Repeat the stretch of entries below from the line with "Best Western Le" through the line with "Ocean-View Hideaway W/". Include both ends and add nothing.

● PROVIDED RECORDS:
* * * *
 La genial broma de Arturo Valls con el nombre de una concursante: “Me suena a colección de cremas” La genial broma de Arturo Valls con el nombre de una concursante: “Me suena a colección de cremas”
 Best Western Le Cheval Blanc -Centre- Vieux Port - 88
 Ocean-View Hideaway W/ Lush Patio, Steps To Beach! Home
* * * *
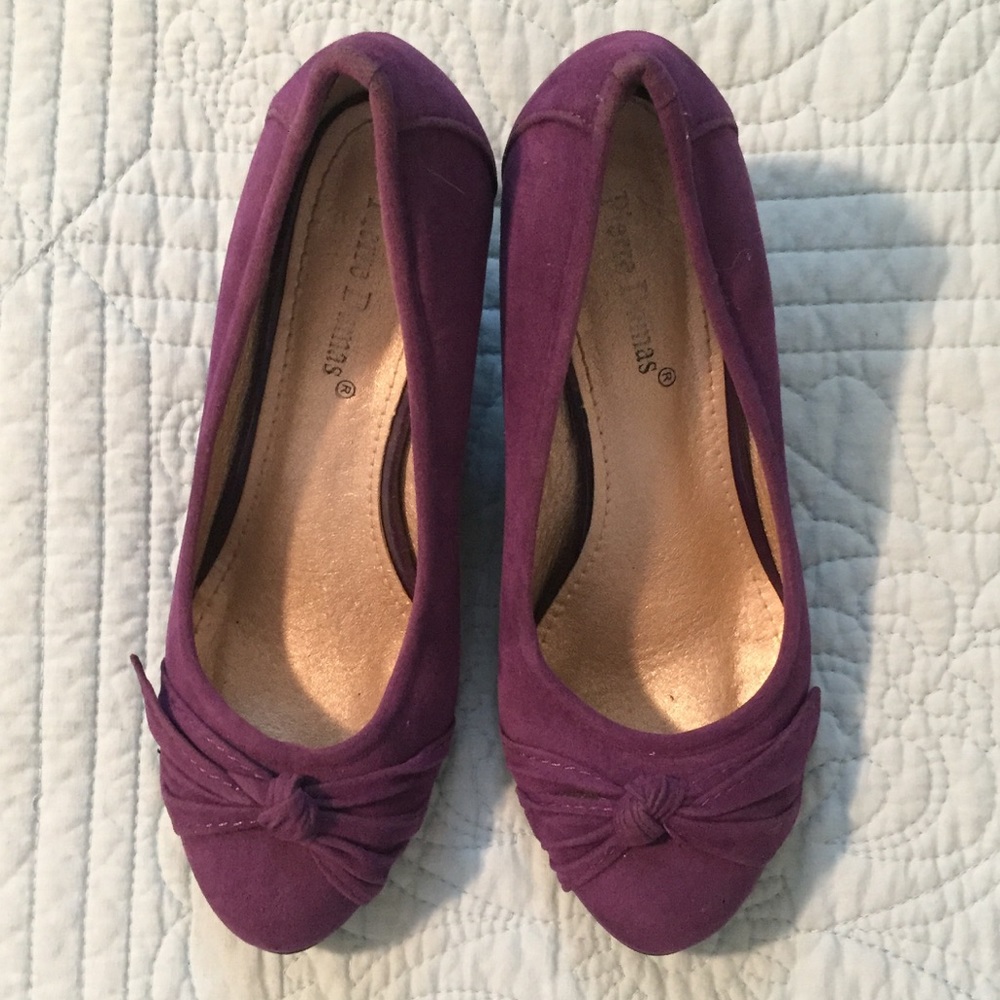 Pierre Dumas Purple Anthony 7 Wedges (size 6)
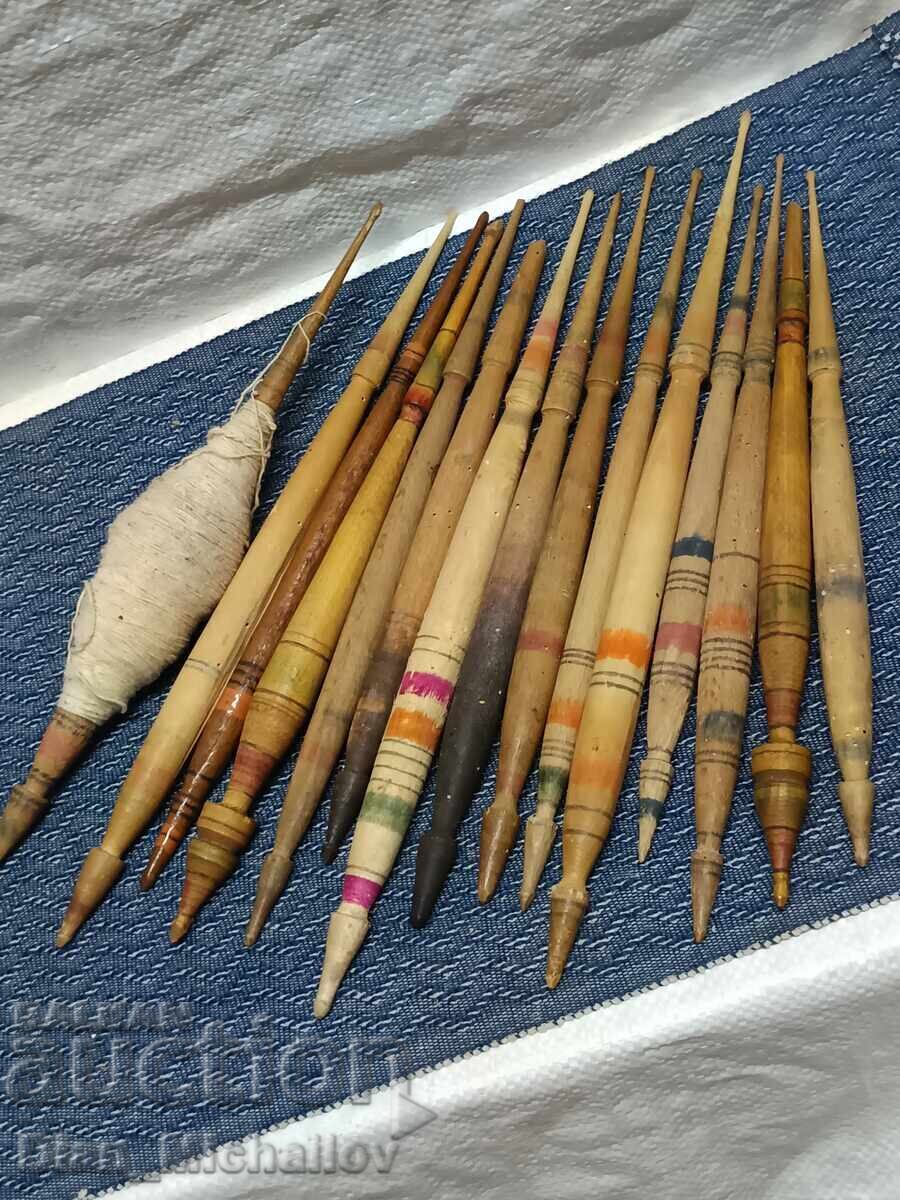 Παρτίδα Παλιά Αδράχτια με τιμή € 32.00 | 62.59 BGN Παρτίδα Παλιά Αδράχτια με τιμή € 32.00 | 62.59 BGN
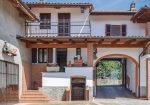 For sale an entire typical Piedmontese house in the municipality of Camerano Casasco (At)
* * * *
● RESULT OF THE TASK:
 Best Western Le Cheval Blanc -Centre- Vieux Port - 88
 Ocean-View Hideaway W/ Lush Patio, Steps To Beach! Home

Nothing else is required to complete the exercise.